What does IMHO mean, I've always wondered.

> > > their evolution lead them to correct the errors in their genome while
> > > our evolution made us consecutively more complex
> >
> > Are you saying their evolution *did not* make them consecutively more
> > complex?
> Not in the same way as us. Our species appeared about 100 000 years ago
> while other species (such as alligators, etc) appeared much before. Of
> course that evolution made them more complex but at a lower rate than us
> and made them more 'perfect'.

I'd like to hear your definition of "complex" and "perfect" as it pertains
to this statement.

> BTW, sharks do get cancer, they get it a
> much lower rate than us but they naturally get it.

Really? Live and learn. When was this discovered?

> > > Transferring? Transferring what? Your brain? Your 'soul'?
> >
> > The functioning and abilities of my brain. I would call this
> > "consciousness" Some might argue with my use of this word.
> I continue not understanding what are you trying to say.
> "consciousness", what is that?

Look above and you will see the answer to your question.

> Is it something physical such as all your
> memory proteins (I remember reading somewhere about the existence of
> memory proteins but I'm not sure), the positions and connections between
> your neurons?

>From my limited knowledge of neurophysiology, I would say that appears to
have something to do with it.

> Is it something spiritual?

Please tell me... how exactly to you pull "something spiritual" from my
above phrase "functioning and abilities of my brain"??? If you think the
functioning and abilities of your brain are "spiritual" and unknowable,
then I cannot debate with you, because your ideas have been cemented by

> Is it something like, the design and constitution of your networks of
> neurons that can (or will) be duplicated on a computer to make it think
> like you?

Sounds feasible to me. But you never know.. this is the great thing
about not having faith... infinite possibilities ;)

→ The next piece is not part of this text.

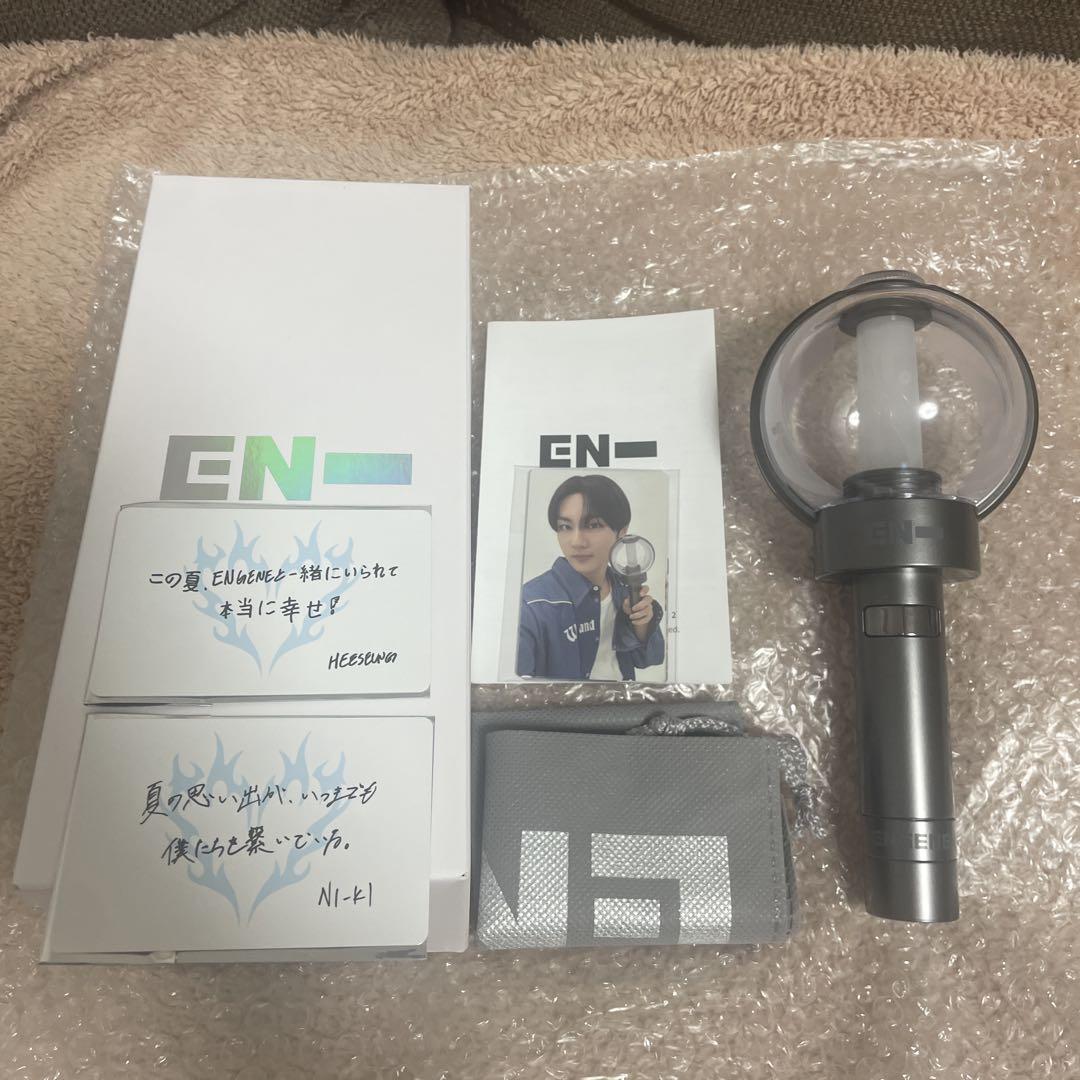 

[USED] ENHYPEN Penlight Ver.2 with venue purchase bonus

> > > One idea (that I already though about years ago) is to increase the
> > > viability of our neurons with metal or whatever but this is a continuos
> > > process. Just like now, the atoms that compose my neurons are not the
> > > same that were a few hours ago, exception made to some molecules such as
> > > DNA, our neuron's atoms change continually and I don't complain.
> > > Connecting memory chips to our brain might not be a bad idea but that is
> > > a change and not a transfer.
> >
> > If your brain ends up in the same state after a series of "changes" or one
> > single transfer, what, exactly, is the difference?
> It has to do with identity, singularity or individuality. I already
> discussed that a couple of messages ago.
> Say, let's suppose you suffer a terrible accident and lose a part of
> brain changing your personality. Are you the same person you were?

You're different. But, as has been discussed before on this list, you are
also different after drinking a cup of coffee. If your body stays the
same through time, you are dead.

> > This idea you "thought about years ago"
> > is called "nano-replacement" Look it up.
> Really, I didn't knew that. For much you come up with weird ideas, there
> will always be someone out there thinking the same thing. I used to
> think I was the only crazy lunatic trying to fight aging! Well, I'm the
> only guy I know in Portugal who does.

Do women in Portugal get faces-lifts? Do they use anti-wrinkle cream? Do
they dye their hair? I'm sure you must know one of them.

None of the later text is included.